O Sistema Faemg Senar lançou, nesta quarta-feira (9), um levantamento inédito sobre as perspectivas da safra de café arábica em Minas Gerais de 2026. Segundo a pesquisa “Safra Café”, a produção total no estado deve atingir um valor de 33,4 milhões de sacas de café arábico neste ano, um crescimento de 32,5% em relação à produção de 2025.
O levantamento visitou visitou 5.155 propriedades em 269 municípios das quatro regiões cafeeiras. Do total de sacas, a região do Sul de Minas produziu 16 milhões de sacas; em Montanhas de Minas, foram 9,2 milhões de sacas; no Cerrado de Minas foram 7,2 milhões de sacas; já na Chapada de Minas, foram produzidas 1 milhão de sacas.
“O intuito desse estudo é proporcionar informações e trazer lucidez ao setor cafeeiro para que o produtor consiga se planejar e tomar as melhores decisões para que essa vertente de crescimento continue”, destaca Ana Carolina Gomes, analista de Agronegócios do Sistema Faemg Senar.
Apesar do crescimento ser considerado algo positivo, Gomes afirma que a safra 2026, assim como as safras anteriores, apresentou alguns desafios, sendo o clima um dos principais deles. “Tivemos um inverno atípico que provocou muita chuva durante a colheita e isso afeta diretamente na qualidade da safra”, explica ela.

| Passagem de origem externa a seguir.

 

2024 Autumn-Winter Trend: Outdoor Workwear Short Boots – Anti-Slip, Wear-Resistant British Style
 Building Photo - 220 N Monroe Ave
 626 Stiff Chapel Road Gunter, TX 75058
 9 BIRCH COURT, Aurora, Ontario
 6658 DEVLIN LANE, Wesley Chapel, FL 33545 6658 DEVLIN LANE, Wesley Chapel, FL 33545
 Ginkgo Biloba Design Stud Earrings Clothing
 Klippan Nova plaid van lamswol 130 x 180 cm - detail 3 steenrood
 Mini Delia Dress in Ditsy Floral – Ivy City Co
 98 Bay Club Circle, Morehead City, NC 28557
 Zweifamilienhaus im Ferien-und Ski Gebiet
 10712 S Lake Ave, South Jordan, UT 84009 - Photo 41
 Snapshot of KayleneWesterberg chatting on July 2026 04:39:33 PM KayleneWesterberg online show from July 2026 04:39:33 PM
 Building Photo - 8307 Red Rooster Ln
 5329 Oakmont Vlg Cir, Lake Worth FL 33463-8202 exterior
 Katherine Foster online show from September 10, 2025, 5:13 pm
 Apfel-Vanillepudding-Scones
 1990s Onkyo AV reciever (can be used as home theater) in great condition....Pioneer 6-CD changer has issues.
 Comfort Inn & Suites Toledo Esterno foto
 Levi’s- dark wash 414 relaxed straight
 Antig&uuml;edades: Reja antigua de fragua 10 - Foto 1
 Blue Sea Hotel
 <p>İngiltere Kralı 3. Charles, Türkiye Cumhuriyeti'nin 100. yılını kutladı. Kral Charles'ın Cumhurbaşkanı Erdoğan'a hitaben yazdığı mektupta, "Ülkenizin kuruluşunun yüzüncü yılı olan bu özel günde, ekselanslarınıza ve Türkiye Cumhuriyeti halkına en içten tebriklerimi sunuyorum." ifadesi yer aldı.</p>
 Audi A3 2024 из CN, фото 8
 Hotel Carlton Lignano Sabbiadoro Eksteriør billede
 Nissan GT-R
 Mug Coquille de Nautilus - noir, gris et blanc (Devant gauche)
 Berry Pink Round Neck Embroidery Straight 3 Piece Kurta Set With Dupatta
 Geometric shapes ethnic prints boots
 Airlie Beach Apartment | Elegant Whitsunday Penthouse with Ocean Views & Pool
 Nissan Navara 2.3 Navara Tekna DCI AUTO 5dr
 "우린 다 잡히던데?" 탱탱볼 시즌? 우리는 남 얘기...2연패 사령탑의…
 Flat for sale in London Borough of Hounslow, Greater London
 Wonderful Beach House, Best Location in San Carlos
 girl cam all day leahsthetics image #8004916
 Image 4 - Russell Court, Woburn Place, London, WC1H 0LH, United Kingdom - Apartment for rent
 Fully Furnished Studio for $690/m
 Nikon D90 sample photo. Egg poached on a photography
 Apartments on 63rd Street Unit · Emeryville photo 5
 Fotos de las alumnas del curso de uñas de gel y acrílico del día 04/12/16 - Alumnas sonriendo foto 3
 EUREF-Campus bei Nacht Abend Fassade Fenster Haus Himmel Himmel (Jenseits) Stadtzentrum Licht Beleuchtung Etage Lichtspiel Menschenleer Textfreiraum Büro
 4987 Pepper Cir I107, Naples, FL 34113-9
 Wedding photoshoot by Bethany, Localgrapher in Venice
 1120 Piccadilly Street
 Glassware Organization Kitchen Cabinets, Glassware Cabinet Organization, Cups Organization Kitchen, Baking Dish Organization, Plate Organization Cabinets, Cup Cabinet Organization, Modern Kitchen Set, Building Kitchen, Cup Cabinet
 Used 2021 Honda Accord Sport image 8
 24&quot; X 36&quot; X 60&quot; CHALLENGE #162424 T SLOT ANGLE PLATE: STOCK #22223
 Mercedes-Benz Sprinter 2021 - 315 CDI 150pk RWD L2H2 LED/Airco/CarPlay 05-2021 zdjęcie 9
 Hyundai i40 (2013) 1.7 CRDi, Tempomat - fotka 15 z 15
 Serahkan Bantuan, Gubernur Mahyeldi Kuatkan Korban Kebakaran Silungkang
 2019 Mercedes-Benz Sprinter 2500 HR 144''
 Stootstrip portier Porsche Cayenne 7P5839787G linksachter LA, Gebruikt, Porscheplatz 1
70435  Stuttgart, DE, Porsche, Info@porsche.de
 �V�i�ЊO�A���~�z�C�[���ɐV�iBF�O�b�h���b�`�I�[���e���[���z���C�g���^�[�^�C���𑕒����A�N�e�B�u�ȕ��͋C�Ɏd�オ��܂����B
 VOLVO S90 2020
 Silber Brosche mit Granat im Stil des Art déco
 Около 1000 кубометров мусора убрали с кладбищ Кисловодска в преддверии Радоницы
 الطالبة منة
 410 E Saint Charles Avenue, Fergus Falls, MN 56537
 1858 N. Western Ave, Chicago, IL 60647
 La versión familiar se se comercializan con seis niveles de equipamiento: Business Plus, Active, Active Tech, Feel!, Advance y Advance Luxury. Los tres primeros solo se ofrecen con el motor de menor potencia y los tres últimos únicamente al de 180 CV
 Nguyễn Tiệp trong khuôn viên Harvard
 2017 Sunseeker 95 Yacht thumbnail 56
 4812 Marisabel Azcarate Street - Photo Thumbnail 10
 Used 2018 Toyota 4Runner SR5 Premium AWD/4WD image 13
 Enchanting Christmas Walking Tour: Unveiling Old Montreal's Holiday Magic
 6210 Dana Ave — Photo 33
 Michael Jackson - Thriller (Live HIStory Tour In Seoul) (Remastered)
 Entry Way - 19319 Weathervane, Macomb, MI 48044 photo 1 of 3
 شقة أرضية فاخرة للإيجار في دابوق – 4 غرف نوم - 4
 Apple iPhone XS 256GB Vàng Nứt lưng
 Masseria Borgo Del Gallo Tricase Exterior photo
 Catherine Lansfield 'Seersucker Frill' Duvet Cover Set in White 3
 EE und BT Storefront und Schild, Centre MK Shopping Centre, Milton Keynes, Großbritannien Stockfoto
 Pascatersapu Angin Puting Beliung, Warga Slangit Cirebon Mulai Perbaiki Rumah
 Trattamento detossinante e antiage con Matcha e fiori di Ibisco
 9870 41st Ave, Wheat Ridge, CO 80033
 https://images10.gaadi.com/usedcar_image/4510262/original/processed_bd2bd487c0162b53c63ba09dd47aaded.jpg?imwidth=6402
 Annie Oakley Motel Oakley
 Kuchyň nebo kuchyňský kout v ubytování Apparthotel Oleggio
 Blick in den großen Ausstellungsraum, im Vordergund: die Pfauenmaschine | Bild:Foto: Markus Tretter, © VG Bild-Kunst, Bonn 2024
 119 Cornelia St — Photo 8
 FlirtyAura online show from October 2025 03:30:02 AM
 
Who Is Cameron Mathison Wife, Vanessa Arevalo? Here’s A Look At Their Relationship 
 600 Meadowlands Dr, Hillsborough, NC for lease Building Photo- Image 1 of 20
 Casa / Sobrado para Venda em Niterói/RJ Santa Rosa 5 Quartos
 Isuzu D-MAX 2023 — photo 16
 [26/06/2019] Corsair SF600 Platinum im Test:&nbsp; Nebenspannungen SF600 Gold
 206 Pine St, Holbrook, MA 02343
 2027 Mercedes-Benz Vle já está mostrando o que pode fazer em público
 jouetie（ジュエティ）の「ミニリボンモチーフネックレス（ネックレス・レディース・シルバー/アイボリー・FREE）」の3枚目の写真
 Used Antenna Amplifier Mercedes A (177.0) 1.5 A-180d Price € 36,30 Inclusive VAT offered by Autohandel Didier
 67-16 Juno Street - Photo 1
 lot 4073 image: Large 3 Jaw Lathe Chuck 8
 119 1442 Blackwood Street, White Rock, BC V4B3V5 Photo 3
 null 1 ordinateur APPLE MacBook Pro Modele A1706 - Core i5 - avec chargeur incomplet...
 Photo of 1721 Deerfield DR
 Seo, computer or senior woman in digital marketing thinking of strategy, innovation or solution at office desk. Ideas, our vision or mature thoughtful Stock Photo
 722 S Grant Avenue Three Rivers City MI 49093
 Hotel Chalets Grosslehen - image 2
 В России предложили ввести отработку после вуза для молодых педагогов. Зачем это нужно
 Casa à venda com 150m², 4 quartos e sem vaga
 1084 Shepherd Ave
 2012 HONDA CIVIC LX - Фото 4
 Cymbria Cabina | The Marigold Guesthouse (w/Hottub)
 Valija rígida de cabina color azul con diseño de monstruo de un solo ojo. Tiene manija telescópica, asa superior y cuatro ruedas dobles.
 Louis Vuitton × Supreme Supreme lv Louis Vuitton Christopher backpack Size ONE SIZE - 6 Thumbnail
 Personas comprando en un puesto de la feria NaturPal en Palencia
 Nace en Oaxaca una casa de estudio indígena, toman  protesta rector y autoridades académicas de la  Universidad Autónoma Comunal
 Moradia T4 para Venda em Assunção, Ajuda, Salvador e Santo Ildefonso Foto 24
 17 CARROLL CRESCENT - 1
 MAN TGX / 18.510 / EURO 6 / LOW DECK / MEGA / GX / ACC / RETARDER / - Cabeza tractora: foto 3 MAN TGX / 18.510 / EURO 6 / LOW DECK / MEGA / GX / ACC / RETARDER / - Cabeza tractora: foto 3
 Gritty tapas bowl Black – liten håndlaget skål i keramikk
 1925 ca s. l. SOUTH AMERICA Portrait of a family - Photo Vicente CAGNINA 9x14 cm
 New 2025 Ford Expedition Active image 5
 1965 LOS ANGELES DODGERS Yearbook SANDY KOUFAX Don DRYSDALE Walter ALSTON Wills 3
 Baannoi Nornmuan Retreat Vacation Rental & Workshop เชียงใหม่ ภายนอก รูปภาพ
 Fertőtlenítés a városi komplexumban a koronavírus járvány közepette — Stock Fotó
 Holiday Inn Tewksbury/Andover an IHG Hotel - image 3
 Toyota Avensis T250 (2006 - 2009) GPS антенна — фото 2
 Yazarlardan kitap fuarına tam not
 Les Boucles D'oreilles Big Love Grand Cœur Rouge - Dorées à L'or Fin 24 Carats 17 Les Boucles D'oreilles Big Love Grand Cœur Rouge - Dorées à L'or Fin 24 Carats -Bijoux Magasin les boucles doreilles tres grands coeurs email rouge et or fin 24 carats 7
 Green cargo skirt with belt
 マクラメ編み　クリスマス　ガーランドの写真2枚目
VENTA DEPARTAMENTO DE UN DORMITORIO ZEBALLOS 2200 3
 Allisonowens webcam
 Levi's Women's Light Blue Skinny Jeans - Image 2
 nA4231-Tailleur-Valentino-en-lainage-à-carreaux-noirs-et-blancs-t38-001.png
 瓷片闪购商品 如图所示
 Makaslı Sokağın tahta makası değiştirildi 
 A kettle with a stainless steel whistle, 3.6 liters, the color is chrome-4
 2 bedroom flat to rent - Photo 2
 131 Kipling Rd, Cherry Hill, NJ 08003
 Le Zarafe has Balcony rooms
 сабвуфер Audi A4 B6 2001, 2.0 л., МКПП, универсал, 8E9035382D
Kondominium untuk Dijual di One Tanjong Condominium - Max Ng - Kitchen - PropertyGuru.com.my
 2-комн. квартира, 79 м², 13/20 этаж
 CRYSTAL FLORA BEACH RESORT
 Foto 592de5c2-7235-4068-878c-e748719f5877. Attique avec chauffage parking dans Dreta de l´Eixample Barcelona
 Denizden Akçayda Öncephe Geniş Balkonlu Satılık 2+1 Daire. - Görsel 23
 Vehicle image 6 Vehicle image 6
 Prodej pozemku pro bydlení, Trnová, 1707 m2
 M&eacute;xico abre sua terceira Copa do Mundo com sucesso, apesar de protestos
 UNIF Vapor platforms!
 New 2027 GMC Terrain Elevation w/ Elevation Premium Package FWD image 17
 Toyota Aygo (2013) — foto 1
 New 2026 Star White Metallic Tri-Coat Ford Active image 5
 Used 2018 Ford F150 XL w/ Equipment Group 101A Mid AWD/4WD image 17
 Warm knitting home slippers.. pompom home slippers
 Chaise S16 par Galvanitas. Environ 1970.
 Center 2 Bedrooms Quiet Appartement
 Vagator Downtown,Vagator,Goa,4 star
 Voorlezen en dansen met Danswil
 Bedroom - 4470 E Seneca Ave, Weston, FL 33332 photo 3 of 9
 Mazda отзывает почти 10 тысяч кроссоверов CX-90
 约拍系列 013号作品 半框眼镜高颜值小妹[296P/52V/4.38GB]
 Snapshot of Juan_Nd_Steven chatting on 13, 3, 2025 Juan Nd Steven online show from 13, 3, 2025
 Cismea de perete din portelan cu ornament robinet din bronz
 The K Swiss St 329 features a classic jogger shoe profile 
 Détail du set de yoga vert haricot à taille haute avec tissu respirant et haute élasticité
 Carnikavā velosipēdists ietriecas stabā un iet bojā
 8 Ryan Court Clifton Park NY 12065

De acordo com a analista, a qualidade da safra não foi medida na pesquisa, mas é um parâmetro que pode ser dimensionado.
“Vimos e ouvimos de muitos produtores que a qualidade dessa safra não está tão boa, então, temos um desafio a ser analisado, porque qualidade é renda. Quanto maior a qualidade de um café, melhor a venda do produto e, consequentemente, melhor a renda do produtor. Então precisamos acompanhar essa vertente para tanto a safra quanto o consumo continuem crescendo e não haja um desequilíbrio no mercado”, reforça.
O presidente do Sistema Faemg Senar, Antônio de Salvo, complementa dizendo que está claro que que há um crescimento da produção e produtividade e, para dar conta desse crescimento, é necessário buscar mercado previamente.
“Precisamos imediatamente sair em busca de mercados que possam ser ampliados, essa é nossa atual realidade. Se produzimos 100 milhões de sacas e, só após isso, saímos em busca de mercado, certamente vamos ter uma venda pior e mais pressionada. Então, precisamos entender esse gráfico da tendência de crescimento da produção e produtividade para que possamos sair em busca dos mercados compradores desse nosso produto maravilhoso”, reforça o presidente.
Para Gomes e o presidente, a partir desse estudo, o produtor agora deve:
- Calcular o custo por saca e encontrar um ponto de equilíbrio;
- Proteger uma parte da margem da produção;
- Preservar a qualidade e rendimento da safra;
- Planejar o fluxo de caixa;
- Investir onde há retorno para haver mais produtividade com menos custo.